Using a large sample of more than 20,000 people in relationships, we estimate levels of relationship distress using questions from a scientifically validated scale for measuring relationship quality and the severity of relationship problems, called the Dyadic Adjustment Scale.

Our analysis estimates that almost one-in-five (18%) people (2.87 million people) in adult couple relationships in the UK are in relationships which could be characterised as 'distressed'. For parents of children under 16, this was even higher - 22% of these parents were in distressed relationships. Additionally, 9.2% of partners report at least occasionally (including 'occasionally', 'more often than not', 'most of the time' and 'all of the time') considering divorce or separation and 10.4% report at least occasionally regretting getting married or living together; while 6.8% report severe levels of quarrelling (at least 'more often than not').
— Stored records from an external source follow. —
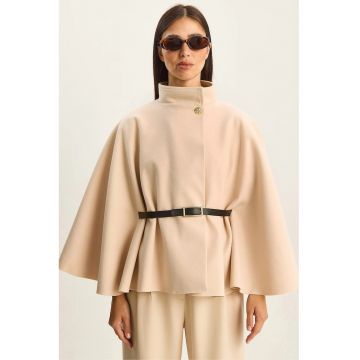 Palton supradimensionat dama HiCCUP - lana - bej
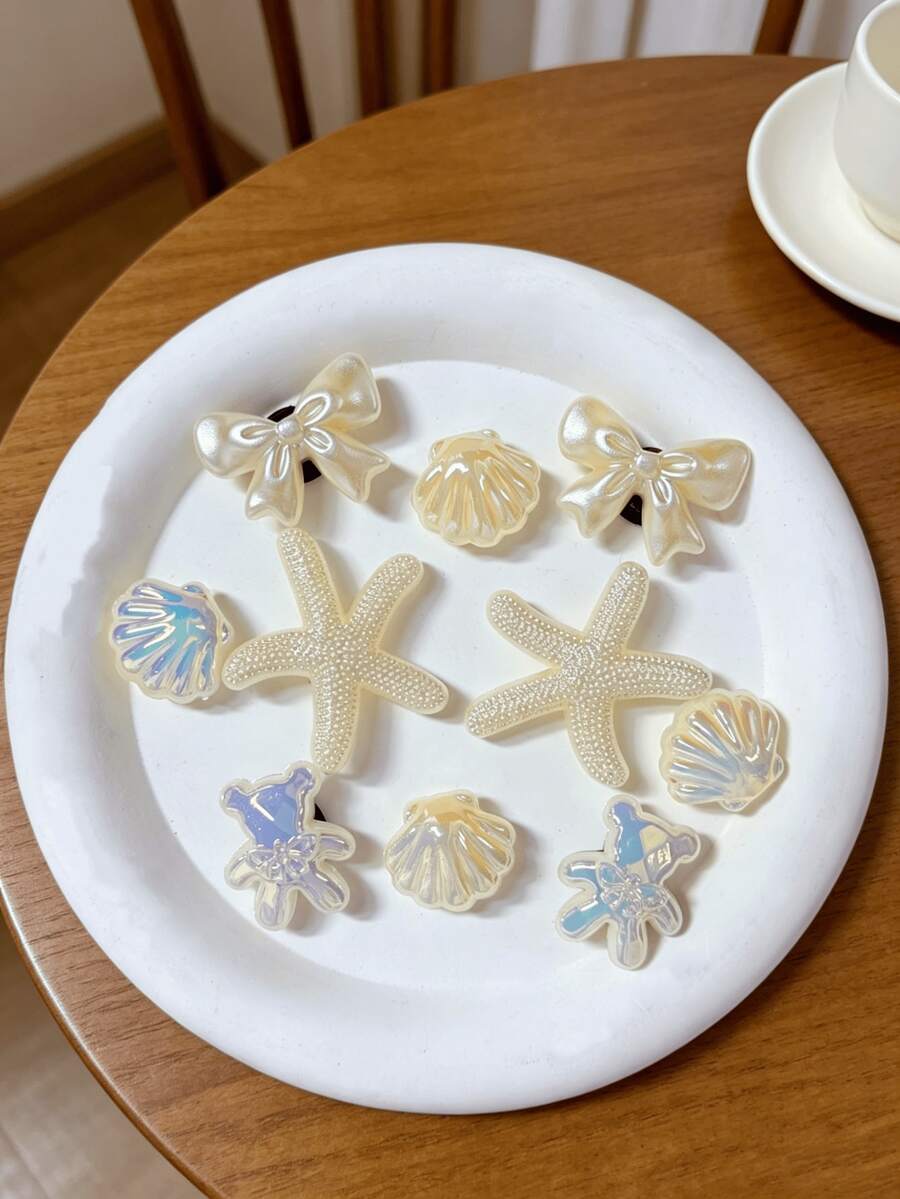 20件米色鞋飾(海星、花朵、貝殼、蝴蝶結)適用於打孔拖鞋DIY裝飾配件,完美搭配單品,生日、節日、派對禮物首選 - 米色10pcs - 查看 1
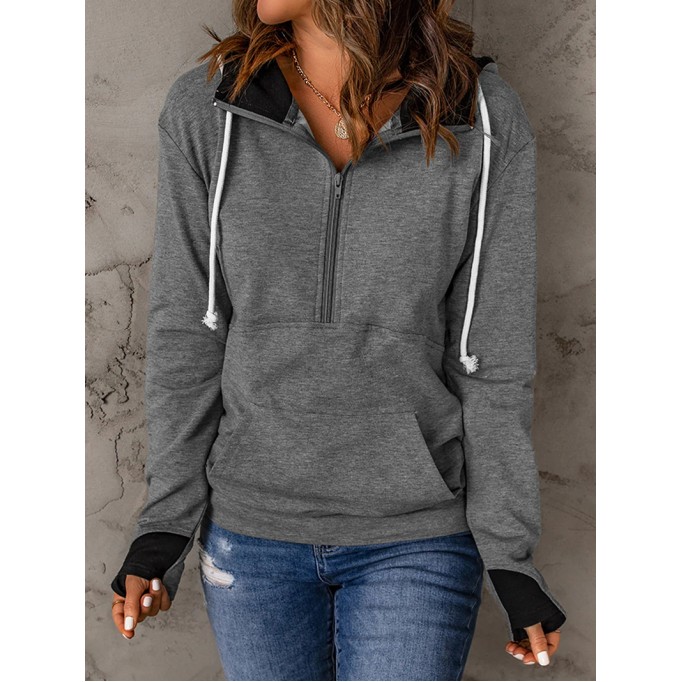 Casual solid color drawstring zipper sweatshirt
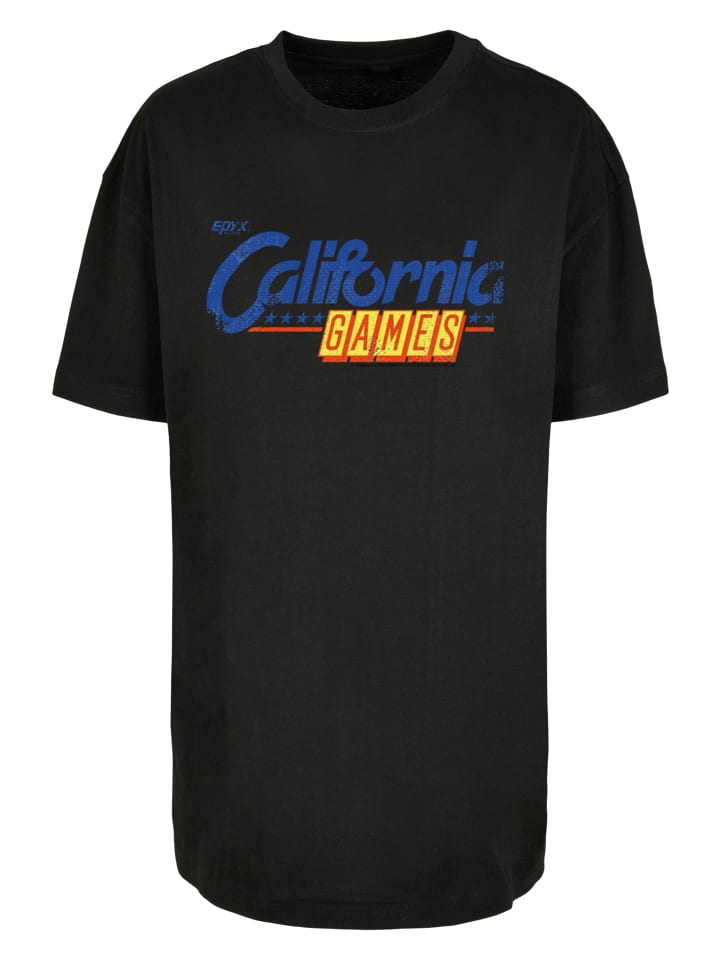 

Футболка F4NT4STIC Oversized Boyfriend Tee CALIFORNIA GAMES RETRO GAMING C64 Video Games, черный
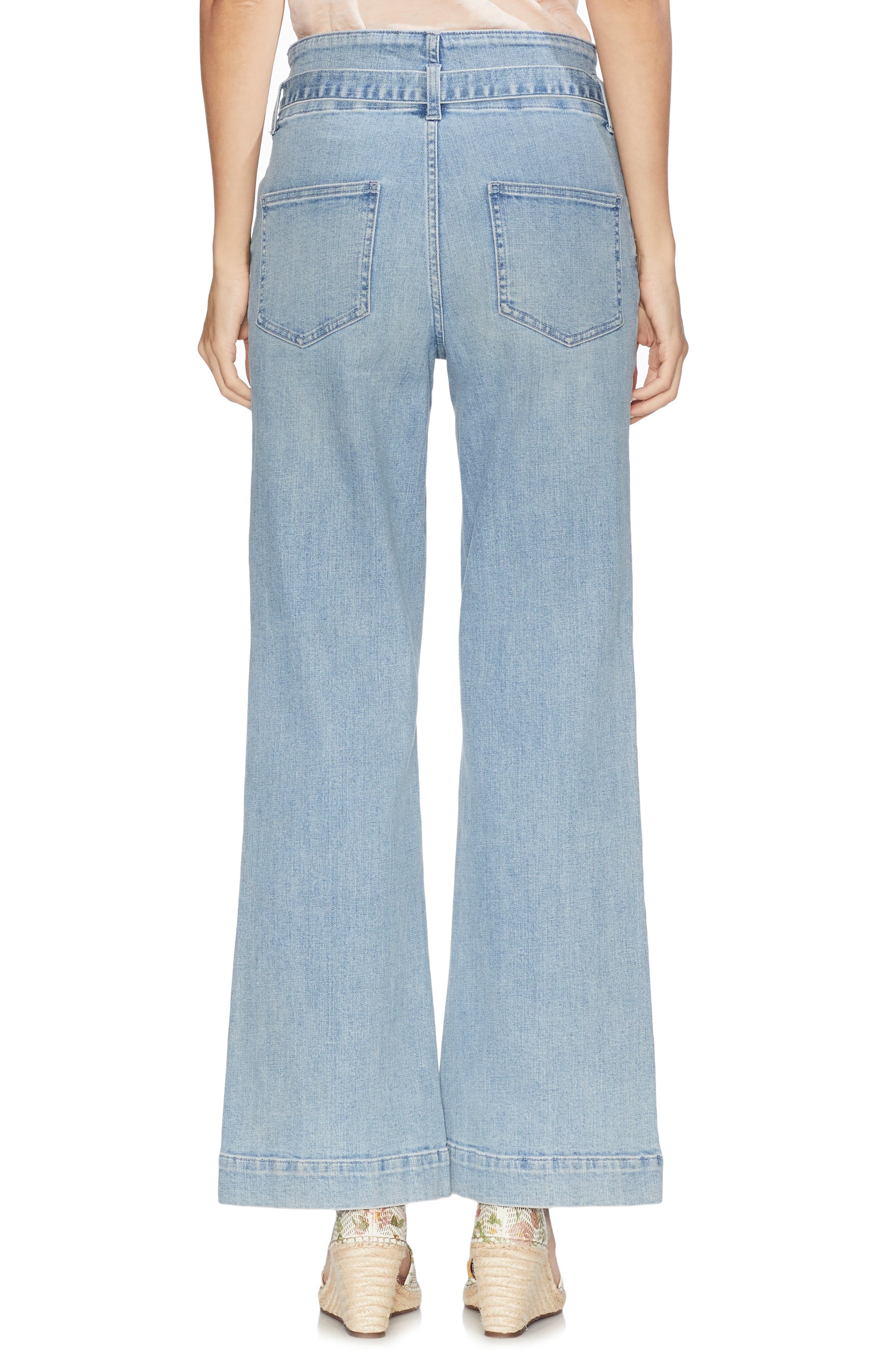 VINCE CAMUTO Belted Wide-Leg Jeans, Alternate, color, OASIS BLUE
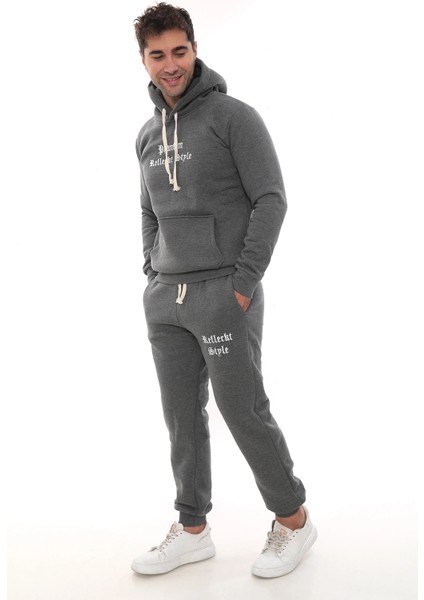 Koyu Gri Melanj Polarlı Erkek Eşofman Takımı Paça Lastikli Cepli Kapüşonlu Nakış Detaylı Compact Takım modelleri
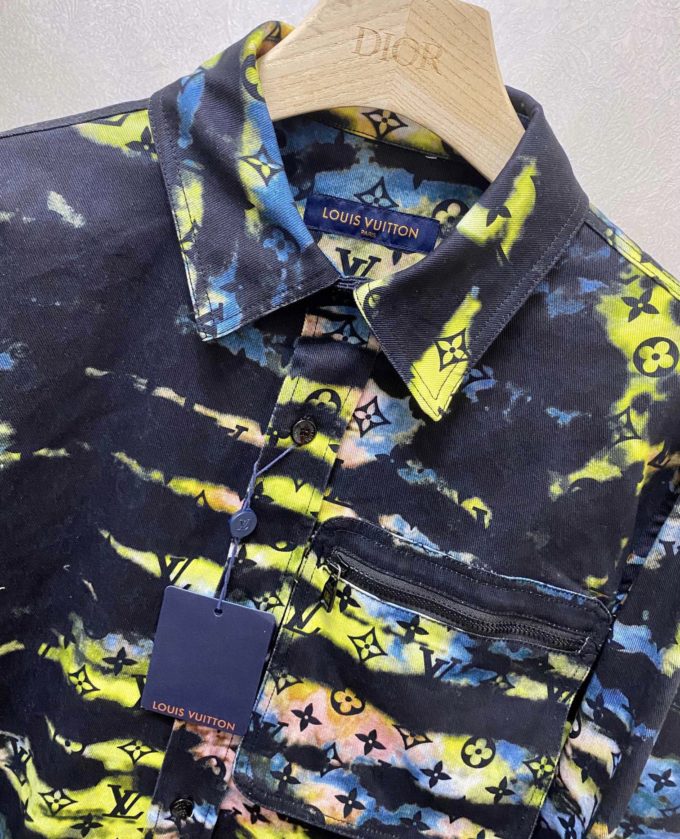 Louis Vuitton PRINTED MONOGRAM TIE-DYE DENIM SHIRT – billionairemart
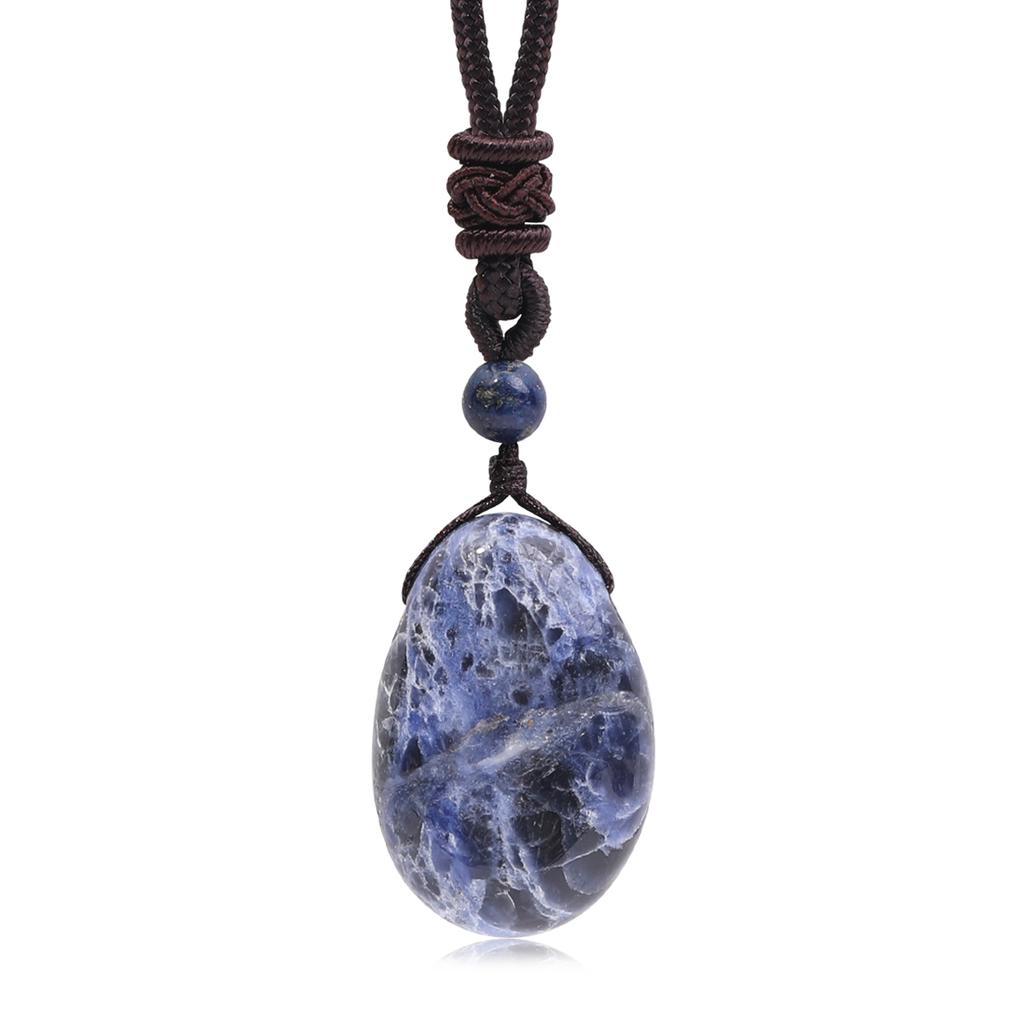Casual Simple Natural Water Droplet Pendant Necklace Amethyst Opal Obsidian Red Agate Pendant Adjustable Cord Chain Necklace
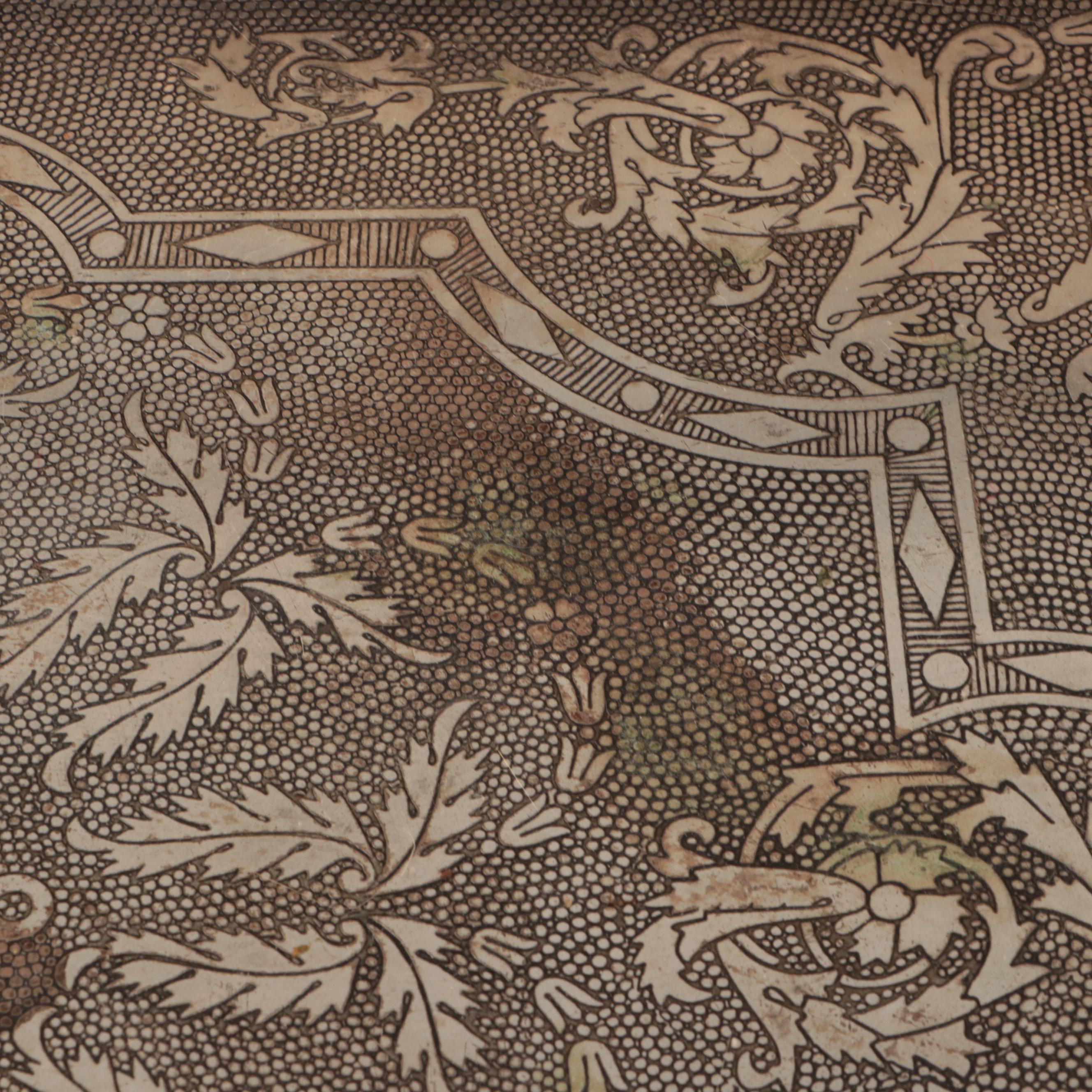 Castilian Indian Style Etched Silver Plate Serving Tray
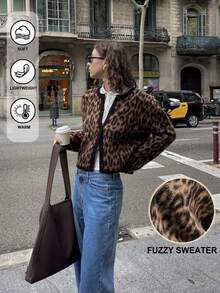 PLUS Suéter cardigan feminino casual e confortável com estampa de leopardo, manga comprida e abotoamento simples, outono e inverno, Y2K, adequado para uso diário, casa, escritório, festas, festivais, compras, Halloween, Natal, Ação de Graças, feriados, roupas femininas de outono/roupas de outono/roupas de inverno femininas/volta às aulas/toque como lã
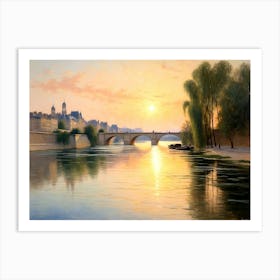 Sunset On The Seine Art Print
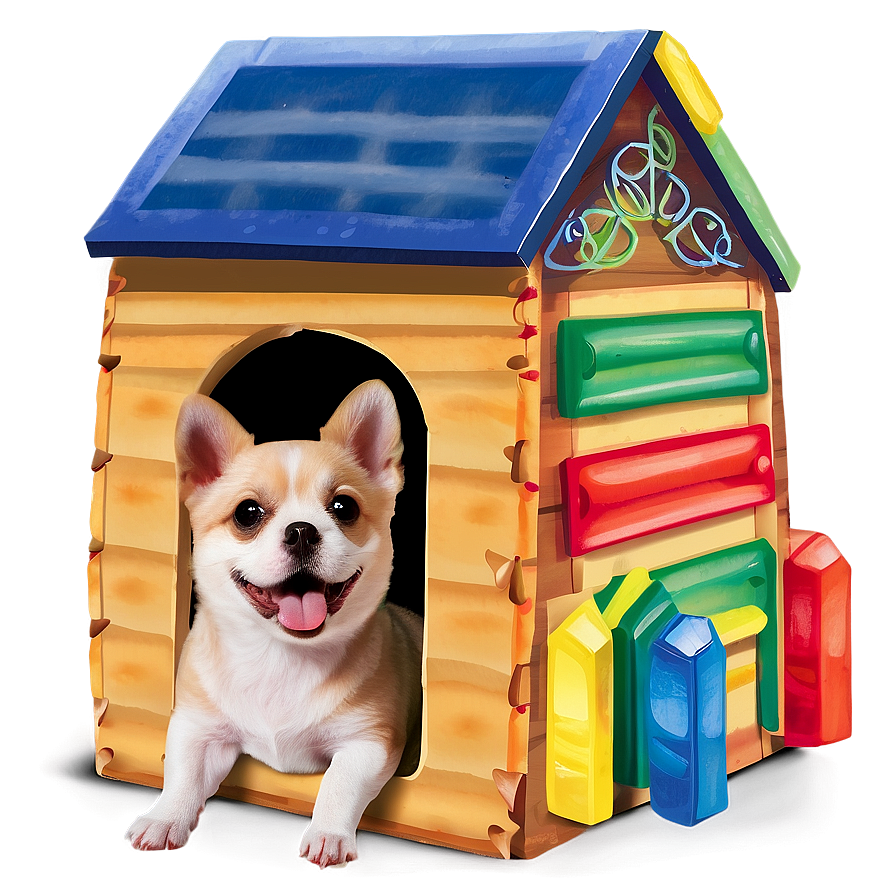 Small Dog In Doghouse Png 06252024 PNG image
Rather than having a single cut-off point below which a partner is characterised as being in a distressed relationship, we follow the approach taken by other researchers and construct an interval (within which lie 'borderline' scores which may indicate distressed relationships but which are less clear-cut determinations of relationship distress) to minimise the possibility misclassifying partners. This means our estimates are on the conservative side.

This evidence clearly gives cause for concern, given the importance of relationship quality for adults' and children's health and wellbeing. Relate is calling for a national cross-government strategy for supporting good quality relationships as crucial pillars of wellbeing and life chances. A key part of this strategy must be the development of more robust data on the quality of relationships at national and local levels. Today's report is a significant contribution towards this; now government must take up this torch.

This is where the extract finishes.